Although cutting Gotham’s budget involves a host of tough decisions, trimming jobs across the board so that all agencies suffer slightly reduces disproportionate pain in any one area. If cty Hall reduced the workforce by 5 percent — surely a level of thrift that scarcely would affect the delivery of services — 16,000 jobs could be eliminated. This goal can be achieved even without touching the NYPD. At an average cost of $74,318 in salary and benefits per city employee, this translates into a potential savings of $1.2 billion.

New York has 30 government employees for every 100 in the private sector (the U.S. average is 17 per 100), a ratio higher than almost any city in the world. That statistic is an unvarnished example of union influence. The mayor should tell labor leaders that if they reject the 5-percent reduction in headcount, their unions will have to offer $1.2 billion in “give backs,” or the city will renegotiate all of their contracts.

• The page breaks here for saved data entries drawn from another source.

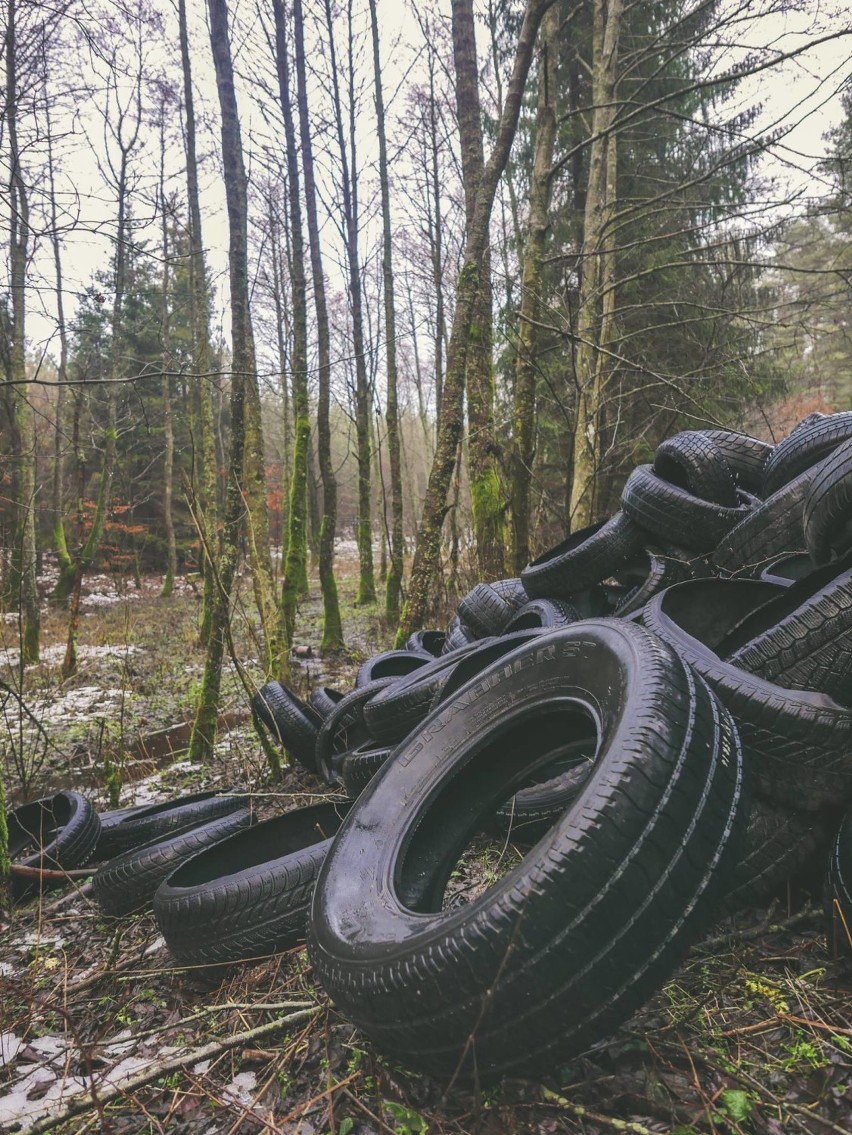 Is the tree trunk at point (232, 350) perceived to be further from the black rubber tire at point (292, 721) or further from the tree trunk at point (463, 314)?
the tree trunk at point (463, 314)

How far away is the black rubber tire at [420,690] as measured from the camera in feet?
12.0

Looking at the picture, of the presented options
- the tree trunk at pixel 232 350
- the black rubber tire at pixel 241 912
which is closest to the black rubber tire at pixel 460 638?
the tree trunk at pixel 232 350

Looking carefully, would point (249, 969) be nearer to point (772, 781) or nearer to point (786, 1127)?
point (786, 1127)

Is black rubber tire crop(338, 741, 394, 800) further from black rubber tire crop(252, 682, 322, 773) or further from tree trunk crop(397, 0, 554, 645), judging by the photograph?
tree trunk crop(397, 0, 554, 645)

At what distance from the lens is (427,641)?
686 centimetres

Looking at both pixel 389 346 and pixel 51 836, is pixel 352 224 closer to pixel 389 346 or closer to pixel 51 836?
pixel 389 346

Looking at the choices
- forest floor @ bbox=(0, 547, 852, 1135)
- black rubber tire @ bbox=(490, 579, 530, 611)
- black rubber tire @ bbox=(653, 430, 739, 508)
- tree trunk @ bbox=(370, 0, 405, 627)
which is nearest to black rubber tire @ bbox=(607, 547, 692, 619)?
black rubber tire @ bbox=(653, 430, 739, 508)

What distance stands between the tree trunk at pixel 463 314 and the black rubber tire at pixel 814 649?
15.2 feet

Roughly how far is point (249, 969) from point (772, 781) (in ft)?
7.77

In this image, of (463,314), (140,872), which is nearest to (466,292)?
(463,314)

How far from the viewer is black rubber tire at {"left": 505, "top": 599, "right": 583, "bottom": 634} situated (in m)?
4.59

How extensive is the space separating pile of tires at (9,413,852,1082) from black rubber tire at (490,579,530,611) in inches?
17.1

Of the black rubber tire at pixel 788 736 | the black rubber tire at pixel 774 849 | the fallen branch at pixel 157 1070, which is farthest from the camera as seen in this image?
the black rubber tire at pixel 774 849

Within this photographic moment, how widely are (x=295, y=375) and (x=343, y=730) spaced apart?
6.72 metres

Two taxes that yield de minimus revenue relating to the damage they inflict are the unincorporated business tax (4 percent of gross income, projected to yield $827 million in fiscal 2003) and the commercial rent tax (8.85 percent, forecasts to $398 million). These nuisance taxes impede small business development, thus squelching opportunity and job growth. Recent immigrants point to these levies as roadblocks to their commercial ambitions.

If anywhere on Earth should be business friendly, it is New York, the place with more entrepreneurs per acre than anywhere on the globe. Yet city hall seems determined to debilitate entrepreneurs, thus reducing potential business people into hustlers eager to “beat the system.”

Beating the system is of course what government intervention requires since politicians give special privileges to some at the expense of others. Rent control typifies this phenomenon. This “temporary solution” to a need for G.I. housing after World War II has been transmogrified into a permanent entitlement for middle class and wealthy city residents. Moreover, tenants can bequeath their rent-controlled apartments from one generation to the next. Eliminating rent control — assuming the governor and mayor had the guts to do so — would generate approximately $300 million in new tax revenue in the first year of decontrol. It would also rationalize a bizarre arrangement in which a cross subsidy exists with new residents underwriting under-market rents for ensconced tenants. Distortions in rent values, as well as overly restrictive zoning, permitting and building regulations all discourage new construction. Liberating these restrictions would help balance supply, demand, tenant outlays and landlord revenues.

These are just a few ways to revitalize a metropolis and state hungry for dynamism. Gotham’s $44.3 billion budget offers limitless possibilities for additional reforms. Suggestions like these would help Bloomberg and Pataki focus on budget restraint, tax relief, economic growth and higher value for each taxpayer dollar. For now, they seem unaware that fed-up New Yorkers will not tolerate higher costs and deteriorating quality of life as long as the Holland Tunnel and local airports allow them to flee.

As we see it, New York has become the Vampire City within the Vampire State. Each sucks the blood from those who work here for a living. By embracing limited government, New York State once again can become the Empire State and New York City the Big Apple. We await these sensible reforms, but we are watching our necks.

Herbert London is president of the Hudson Institute and was the New York Conservative party’s 1990 gubernatorial candidate. Deroy Murdock is a syndicated columnist with the Scripps-Howard News Service and a senior fellow with the Atlas Economic Research Foundation in Fairfax, Virginia.